◆ **Task material**:
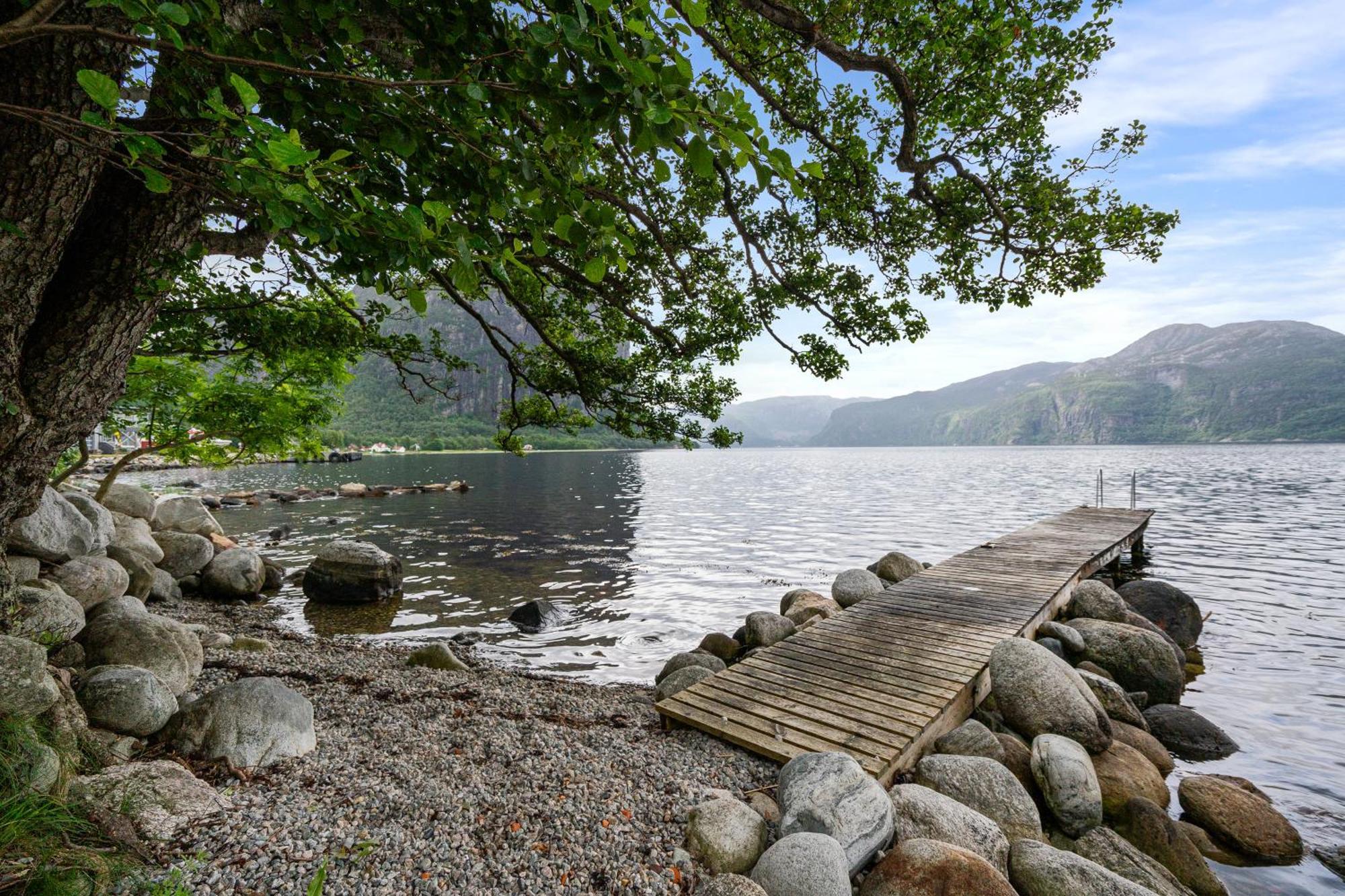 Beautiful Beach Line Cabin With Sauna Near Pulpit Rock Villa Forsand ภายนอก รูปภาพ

---

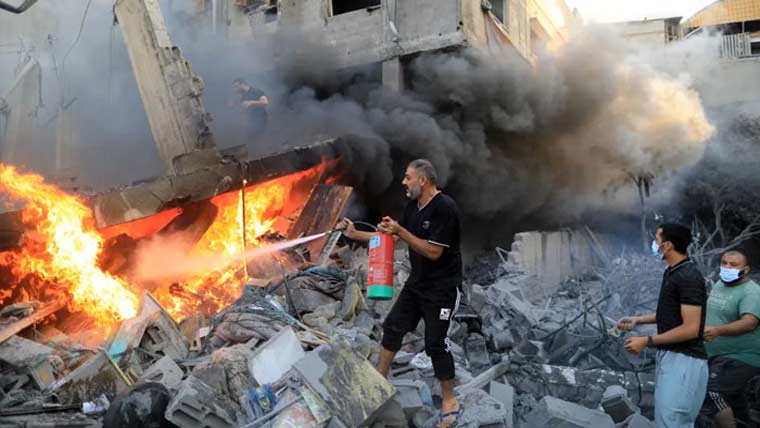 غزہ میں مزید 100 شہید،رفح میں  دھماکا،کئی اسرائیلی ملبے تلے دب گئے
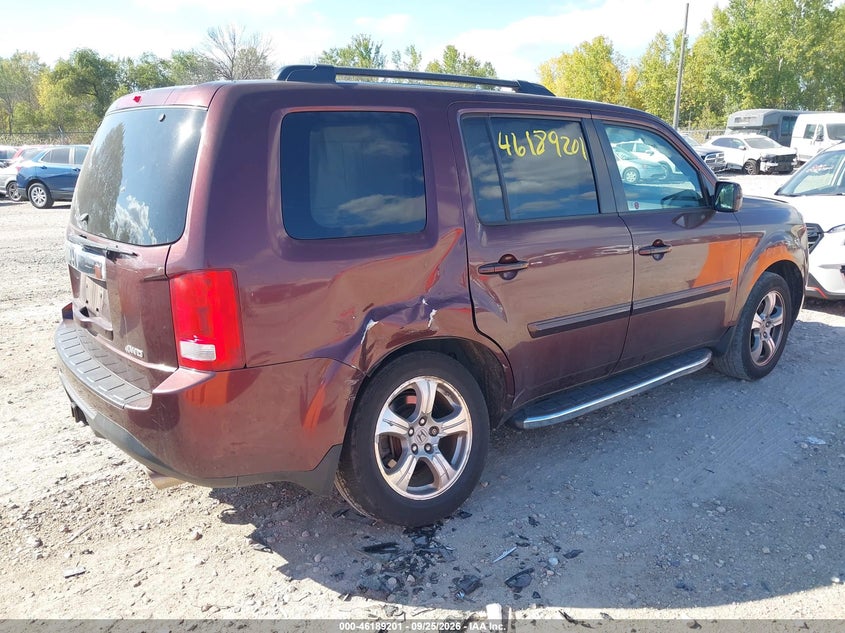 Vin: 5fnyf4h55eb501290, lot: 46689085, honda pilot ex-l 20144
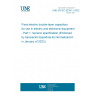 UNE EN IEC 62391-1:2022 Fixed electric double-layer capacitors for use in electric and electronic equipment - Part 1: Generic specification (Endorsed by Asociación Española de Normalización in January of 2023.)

* * *

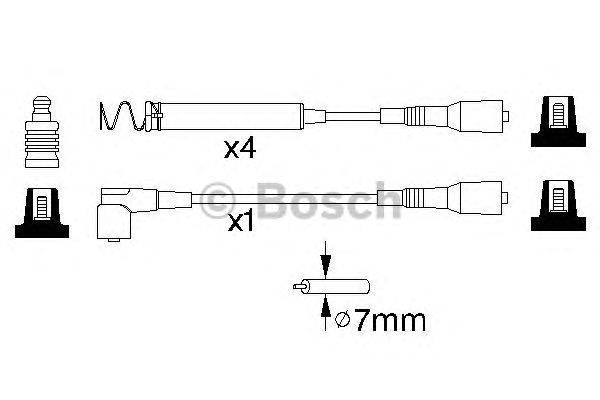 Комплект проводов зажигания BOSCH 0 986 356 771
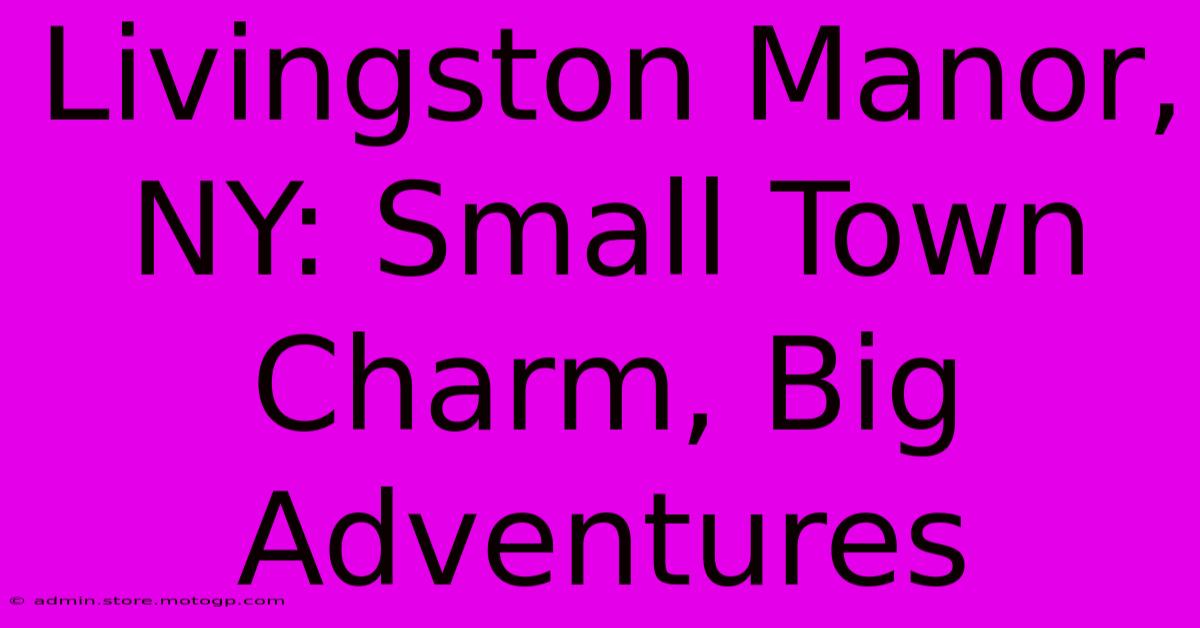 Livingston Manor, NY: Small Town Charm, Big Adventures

◆ **What you need to do**: Copy nothing but the lines above from the one with "Vin: 5fnyf4h55eb501290, lot: 46689085, honda" to the one with "UNE EN IEC 62391-1:2022", inclusive, word for word. Leave every picture out.

◆ **Result below**:
 Vin: 5fnyf4h55eb501290, lot: 46689085, honda pilot ex-l 20144
 UNE EN IEC 62391-1:2022 Fixed electric double-layer capacitors for use in electric and electronic equipment - Part 1: Generic specification (Endorsed by Asociación Española de Normalización in January of 2023.)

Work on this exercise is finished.